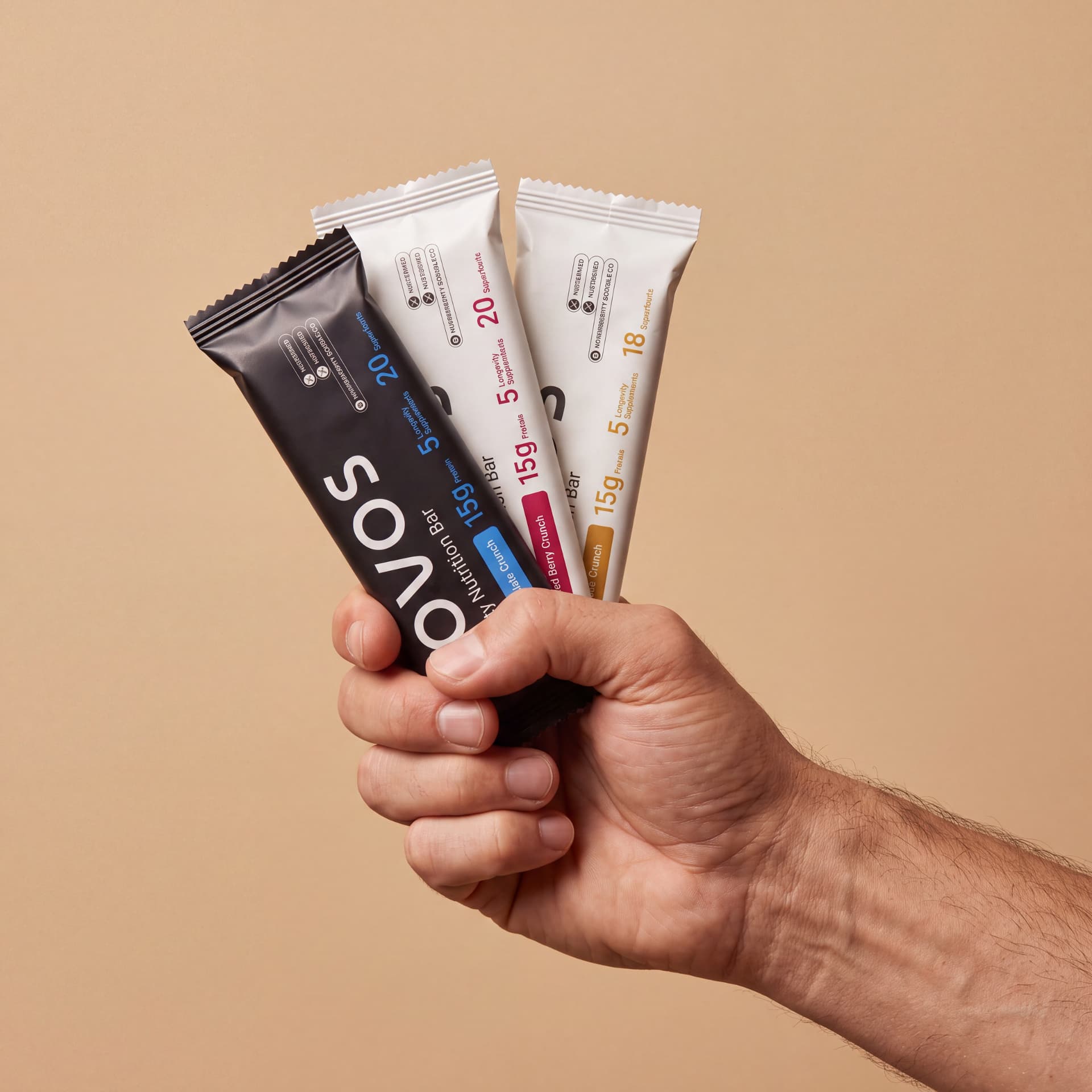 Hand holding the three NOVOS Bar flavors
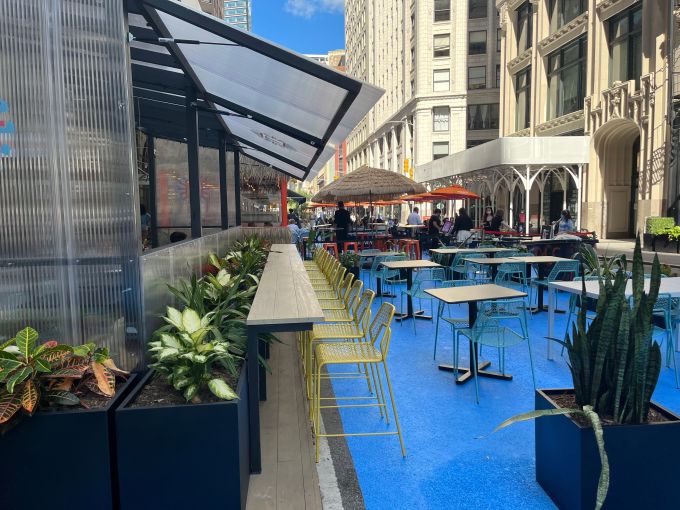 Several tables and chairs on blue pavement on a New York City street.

^^^^

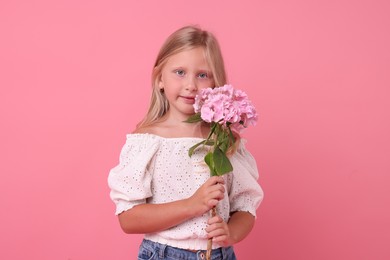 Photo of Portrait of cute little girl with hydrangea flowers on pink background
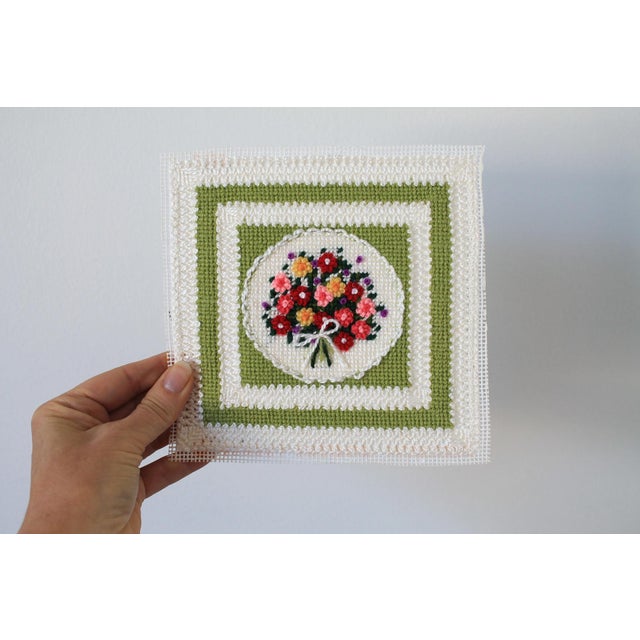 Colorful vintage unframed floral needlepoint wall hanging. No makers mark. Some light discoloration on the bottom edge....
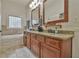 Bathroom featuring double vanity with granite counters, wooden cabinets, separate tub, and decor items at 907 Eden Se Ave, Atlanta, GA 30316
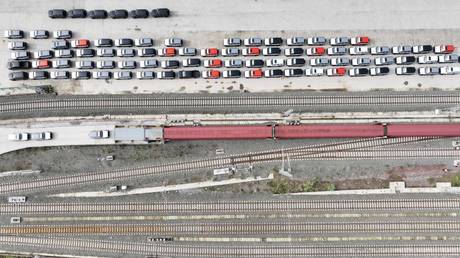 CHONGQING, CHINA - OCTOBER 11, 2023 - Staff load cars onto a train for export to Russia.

^^^^

**PROBLEM TO WORK ON**
In the entries above, find the line with "Bathroom featuring double" and the line with "CHONGQING, CHINA - OCTOBER". Write out exactly those two lines and every line between them, pictures excluded.

**REPLY TO THE EXERCISE**
 Bathroom featuring double vanity with granite counters, wooden cabinets, separate tub, and decor items at 907 Eden Se Ave, Atlanta, GA 30316
 CHONGQING, CHINA - OCTOBER 11, 2023 - Staff load cars onto a train for export to Russia.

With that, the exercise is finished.